I learned about investment company’s asset stripping their acquisitions by basically sacking all the middle managers, putting in their own people, ripping the heart out of the business to maximise profit, then selling it on. I wasn’t a victim here by the way. I just had to run my own store, but I watched as I went through five different employers in as many years. This was the late 80s and early 90s. The only real difference between then and now is that the illusion is no more. There’s no longer such a thing as a job for life.
I saw it coming and once I had let go of my inner rabbit, worked to diversify my experience. I worked hard over the next few years to make myself “employable” by building core skills and experience that would be useful no matter the industry I end up in. I ended up in the bar trade.
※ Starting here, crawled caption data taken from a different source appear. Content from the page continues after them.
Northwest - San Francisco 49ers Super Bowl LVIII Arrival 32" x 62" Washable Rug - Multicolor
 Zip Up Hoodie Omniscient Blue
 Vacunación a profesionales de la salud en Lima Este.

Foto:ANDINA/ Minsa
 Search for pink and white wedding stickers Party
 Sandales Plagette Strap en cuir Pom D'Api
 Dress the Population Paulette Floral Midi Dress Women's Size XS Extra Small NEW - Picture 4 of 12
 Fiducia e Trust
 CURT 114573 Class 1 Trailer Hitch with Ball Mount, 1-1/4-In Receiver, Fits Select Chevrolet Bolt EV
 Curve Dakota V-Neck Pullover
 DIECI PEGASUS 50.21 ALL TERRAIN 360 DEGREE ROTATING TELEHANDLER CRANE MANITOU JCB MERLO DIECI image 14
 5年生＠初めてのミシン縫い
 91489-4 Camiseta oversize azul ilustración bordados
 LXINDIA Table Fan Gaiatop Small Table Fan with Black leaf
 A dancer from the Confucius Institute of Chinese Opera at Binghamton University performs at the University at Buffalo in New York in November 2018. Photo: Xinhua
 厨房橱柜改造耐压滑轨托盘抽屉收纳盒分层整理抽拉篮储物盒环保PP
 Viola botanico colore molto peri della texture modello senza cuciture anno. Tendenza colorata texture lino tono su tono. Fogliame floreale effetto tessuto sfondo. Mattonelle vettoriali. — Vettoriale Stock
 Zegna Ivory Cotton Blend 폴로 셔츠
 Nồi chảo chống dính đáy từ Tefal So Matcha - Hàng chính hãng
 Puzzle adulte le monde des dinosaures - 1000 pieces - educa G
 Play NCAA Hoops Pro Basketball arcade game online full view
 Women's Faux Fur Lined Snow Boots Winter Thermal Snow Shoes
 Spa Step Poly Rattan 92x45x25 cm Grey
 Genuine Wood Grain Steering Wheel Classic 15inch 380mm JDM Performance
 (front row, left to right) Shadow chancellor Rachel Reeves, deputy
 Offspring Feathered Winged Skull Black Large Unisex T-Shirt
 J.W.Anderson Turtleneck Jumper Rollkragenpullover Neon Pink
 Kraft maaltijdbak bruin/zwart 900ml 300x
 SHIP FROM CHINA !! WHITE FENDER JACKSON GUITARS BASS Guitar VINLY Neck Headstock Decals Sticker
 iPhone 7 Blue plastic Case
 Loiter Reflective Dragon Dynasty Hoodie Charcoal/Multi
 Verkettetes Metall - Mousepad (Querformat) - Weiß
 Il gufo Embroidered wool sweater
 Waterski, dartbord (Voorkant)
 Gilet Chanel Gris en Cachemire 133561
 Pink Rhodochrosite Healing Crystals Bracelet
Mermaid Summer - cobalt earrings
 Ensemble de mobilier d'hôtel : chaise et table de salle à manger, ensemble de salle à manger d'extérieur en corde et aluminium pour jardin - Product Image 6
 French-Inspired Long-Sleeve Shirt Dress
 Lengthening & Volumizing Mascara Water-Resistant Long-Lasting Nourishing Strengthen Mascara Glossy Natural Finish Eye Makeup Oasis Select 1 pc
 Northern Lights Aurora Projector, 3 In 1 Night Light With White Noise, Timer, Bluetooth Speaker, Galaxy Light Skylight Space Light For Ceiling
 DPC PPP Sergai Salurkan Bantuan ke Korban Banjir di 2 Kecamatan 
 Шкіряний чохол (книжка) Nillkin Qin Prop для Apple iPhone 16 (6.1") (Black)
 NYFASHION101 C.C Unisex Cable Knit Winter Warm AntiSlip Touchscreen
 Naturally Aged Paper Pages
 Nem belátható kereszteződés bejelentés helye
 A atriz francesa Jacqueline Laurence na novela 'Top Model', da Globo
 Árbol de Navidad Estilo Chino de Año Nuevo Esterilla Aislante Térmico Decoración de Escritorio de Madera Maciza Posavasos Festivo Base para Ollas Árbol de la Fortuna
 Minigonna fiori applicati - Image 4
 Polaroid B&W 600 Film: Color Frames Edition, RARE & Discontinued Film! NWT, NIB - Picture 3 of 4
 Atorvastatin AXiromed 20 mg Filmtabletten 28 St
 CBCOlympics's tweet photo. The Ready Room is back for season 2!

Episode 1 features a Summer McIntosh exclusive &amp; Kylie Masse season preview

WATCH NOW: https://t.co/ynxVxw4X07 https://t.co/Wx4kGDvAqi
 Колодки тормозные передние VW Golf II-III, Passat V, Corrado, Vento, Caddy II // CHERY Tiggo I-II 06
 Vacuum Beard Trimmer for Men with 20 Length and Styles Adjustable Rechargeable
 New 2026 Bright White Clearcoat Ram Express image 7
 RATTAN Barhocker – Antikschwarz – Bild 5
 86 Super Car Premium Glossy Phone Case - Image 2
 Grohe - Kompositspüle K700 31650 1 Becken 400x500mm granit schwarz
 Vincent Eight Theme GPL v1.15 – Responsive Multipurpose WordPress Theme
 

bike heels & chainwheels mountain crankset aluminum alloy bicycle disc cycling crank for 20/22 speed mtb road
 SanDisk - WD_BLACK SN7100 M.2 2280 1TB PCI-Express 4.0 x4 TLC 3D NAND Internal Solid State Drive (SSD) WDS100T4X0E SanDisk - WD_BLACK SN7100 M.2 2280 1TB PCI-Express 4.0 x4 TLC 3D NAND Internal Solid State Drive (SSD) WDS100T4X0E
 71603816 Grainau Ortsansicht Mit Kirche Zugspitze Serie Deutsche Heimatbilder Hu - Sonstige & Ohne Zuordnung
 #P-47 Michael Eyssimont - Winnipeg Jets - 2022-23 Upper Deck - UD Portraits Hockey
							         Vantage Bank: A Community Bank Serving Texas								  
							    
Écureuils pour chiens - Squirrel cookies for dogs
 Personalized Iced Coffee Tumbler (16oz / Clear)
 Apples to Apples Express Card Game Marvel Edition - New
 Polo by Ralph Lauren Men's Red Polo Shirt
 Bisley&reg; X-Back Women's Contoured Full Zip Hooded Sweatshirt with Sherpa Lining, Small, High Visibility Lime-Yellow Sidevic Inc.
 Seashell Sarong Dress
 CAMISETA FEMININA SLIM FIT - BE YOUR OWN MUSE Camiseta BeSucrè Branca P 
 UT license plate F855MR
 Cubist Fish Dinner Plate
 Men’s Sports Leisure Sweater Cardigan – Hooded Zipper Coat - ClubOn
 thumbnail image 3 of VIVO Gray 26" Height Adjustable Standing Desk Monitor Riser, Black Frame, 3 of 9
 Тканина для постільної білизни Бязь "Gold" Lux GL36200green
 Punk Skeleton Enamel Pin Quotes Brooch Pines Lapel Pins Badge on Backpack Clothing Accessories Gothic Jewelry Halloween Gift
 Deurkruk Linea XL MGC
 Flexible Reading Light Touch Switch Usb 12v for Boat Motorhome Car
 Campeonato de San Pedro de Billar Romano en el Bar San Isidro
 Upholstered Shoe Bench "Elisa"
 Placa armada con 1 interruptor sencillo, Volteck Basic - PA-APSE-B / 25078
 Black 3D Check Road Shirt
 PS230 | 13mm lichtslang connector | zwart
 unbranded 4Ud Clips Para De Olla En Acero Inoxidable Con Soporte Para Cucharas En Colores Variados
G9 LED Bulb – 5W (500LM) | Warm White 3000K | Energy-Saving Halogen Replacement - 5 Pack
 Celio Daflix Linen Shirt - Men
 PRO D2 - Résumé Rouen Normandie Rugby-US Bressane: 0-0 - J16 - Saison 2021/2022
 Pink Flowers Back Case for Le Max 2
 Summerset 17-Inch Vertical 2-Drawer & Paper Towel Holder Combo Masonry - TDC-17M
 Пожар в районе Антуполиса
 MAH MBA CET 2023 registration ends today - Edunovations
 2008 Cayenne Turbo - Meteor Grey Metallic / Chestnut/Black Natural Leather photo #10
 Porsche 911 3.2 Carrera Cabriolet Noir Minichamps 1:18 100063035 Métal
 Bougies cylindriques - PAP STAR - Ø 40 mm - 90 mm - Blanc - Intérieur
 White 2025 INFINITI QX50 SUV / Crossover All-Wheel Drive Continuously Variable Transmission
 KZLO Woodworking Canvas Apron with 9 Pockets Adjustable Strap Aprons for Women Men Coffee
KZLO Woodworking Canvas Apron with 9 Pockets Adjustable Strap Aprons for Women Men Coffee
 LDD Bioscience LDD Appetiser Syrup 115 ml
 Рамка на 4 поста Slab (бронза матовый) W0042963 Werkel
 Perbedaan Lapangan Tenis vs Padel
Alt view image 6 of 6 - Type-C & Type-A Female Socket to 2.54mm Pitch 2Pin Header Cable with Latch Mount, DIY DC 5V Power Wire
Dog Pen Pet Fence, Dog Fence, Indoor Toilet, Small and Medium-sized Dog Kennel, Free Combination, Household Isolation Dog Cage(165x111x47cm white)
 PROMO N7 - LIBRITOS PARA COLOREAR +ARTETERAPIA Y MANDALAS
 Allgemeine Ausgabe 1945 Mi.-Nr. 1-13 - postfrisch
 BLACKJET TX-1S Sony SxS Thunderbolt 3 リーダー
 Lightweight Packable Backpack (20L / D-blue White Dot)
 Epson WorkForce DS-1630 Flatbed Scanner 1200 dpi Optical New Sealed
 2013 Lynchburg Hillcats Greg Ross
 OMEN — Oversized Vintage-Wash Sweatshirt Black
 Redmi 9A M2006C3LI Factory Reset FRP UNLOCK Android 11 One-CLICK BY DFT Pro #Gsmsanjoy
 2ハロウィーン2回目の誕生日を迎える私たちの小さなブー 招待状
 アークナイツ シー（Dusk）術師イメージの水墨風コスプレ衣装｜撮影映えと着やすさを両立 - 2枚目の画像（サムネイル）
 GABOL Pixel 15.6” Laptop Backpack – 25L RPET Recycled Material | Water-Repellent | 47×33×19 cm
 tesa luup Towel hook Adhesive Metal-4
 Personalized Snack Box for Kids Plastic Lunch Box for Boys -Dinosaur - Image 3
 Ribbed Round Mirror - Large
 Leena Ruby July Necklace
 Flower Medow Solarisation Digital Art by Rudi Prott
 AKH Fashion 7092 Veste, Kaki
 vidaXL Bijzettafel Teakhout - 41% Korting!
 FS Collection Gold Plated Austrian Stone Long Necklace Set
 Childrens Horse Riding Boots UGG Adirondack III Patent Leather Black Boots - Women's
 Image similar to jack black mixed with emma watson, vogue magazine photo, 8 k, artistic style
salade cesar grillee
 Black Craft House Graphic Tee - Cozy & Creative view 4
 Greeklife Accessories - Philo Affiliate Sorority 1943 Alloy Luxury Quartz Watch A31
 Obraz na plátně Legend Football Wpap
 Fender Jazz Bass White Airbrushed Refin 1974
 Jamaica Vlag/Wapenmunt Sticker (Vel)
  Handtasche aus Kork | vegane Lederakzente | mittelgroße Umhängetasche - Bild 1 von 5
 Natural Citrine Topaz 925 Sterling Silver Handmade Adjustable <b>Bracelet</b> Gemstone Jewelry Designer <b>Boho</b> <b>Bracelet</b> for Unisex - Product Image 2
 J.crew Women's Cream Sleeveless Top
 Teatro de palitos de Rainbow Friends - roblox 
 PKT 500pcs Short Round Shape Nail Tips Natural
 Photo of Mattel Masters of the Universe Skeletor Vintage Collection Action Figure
In the third bar I worked in, I found myself back in management and in the fourth, back to that old pattern, as I spent 4 years in the same pub, but working for as many different employers in that time.
A new dimension had manifested by this time however, as store managers also began to be targeted in the endless quest for profit. I watched as my own store manager was pushed out in favour of hiring someone on a lower salary. That wasn’t how the company sold it, but it was how it was.
A few good years in a restaurant then back to pubs. And back to that pattern again. It now feels like the bigger a company gets, the bigger a monster it becomes, as managers who don’t “fit” with the new regime are pushed out one way or another. Middle managers are turned into hatchet men or women to fulfil this end, on pain of their own job if they’re unwilling to comply.
These companies have become utterly callous in their approach, with the profit motive being worshipped above all else. Managers are put under appalling pressure to control costs, usually resulting in ridiculously overstretched staff in all parts of the business being expected to cope with everything thrown at them, for the pittance that is the minimum wage the company can get away with paying.
Naturally, they lose many good people as a result of their business methods. They also lose the loyalty of many of those who remain, resulting in reduced efficiency and therefore profit. This, unfortunately, results in ever more pressure and micromanagement. And so it continues on and on.
Now that I look back on my working life so far, I don’t think that I gave true justice to my predictions at the time. But I’m glad I made the choices I did as the roller-coaster I ended up riding would have been impossible otherwise.
As to an answer to the question “What’s a job worth?” From the perspective of one of these types of companies, very little. Perhaps we should return the favour and consider such a company as worth very little when considering who we want to spend so much of our time working hard for.